What is being asked
Please report, as a single number, how many lines in the entries include the string "doing".

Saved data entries
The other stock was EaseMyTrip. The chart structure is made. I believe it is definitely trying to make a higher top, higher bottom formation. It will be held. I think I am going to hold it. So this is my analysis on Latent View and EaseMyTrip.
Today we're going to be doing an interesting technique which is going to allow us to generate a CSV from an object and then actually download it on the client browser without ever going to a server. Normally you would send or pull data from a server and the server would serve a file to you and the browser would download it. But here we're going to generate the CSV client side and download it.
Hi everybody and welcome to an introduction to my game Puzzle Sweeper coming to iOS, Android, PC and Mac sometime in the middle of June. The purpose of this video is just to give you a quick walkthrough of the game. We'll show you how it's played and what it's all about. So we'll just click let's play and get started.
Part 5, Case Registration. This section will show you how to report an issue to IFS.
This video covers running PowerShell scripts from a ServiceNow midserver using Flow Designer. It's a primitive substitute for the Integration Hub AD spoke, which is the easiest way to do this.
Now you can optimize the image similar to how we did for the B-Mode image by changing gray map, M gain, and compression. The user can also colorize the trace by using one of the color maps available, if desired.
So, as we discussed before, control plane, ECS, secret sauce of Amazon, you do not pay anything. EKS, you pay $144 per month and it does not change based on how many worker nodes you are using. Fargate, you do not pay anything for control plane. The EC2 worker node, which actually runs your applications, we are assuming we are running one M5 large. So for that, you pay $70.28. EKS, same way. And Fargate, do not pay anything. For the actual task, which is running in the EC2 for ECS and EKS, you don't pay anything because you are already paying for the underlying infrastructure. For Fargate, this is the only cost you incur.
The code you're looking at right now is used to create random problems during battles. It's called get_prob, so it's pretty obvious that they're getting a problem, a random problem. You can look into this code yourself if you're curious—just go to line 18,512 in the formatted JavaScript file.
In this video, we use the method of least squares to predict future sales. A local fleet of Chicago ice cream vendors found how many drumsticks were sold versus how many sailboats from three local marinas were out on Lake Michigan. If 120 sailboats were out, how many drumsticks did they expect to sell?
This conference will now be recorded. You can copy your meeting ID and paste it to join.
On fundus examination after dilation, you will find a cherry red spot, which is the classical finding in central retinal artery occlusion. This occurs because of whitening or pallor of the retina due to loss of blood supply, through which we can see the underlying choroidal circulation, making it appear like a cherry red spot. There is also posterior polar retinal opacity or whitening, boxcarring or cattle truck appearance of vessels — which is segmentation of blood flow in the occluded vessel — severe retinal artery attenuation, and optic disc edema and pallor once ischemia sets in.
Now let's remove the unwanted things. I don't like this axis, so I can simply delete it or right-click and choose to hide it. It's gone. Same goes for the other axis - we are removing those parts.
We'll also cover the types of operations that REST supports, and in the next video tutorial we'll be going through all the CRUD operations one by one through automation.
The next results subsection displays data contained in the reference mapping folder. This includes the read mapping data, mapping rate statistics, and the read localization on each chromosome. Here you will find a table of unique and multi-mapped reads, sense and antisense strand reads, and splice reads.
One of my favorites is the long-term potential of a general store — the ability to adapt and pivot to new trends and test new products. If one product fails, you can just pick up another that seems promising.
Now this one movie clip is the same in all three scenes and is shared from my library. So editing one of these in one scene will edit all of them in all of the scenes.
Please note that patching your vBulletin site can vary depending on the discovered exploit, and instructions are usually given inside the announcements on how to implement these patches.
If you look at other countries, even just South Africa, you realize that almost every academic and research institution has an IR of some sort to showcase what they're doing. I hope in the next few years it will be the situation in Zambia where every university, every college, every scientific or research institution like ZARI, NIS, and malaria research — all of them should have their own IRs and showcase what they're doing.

Response below
2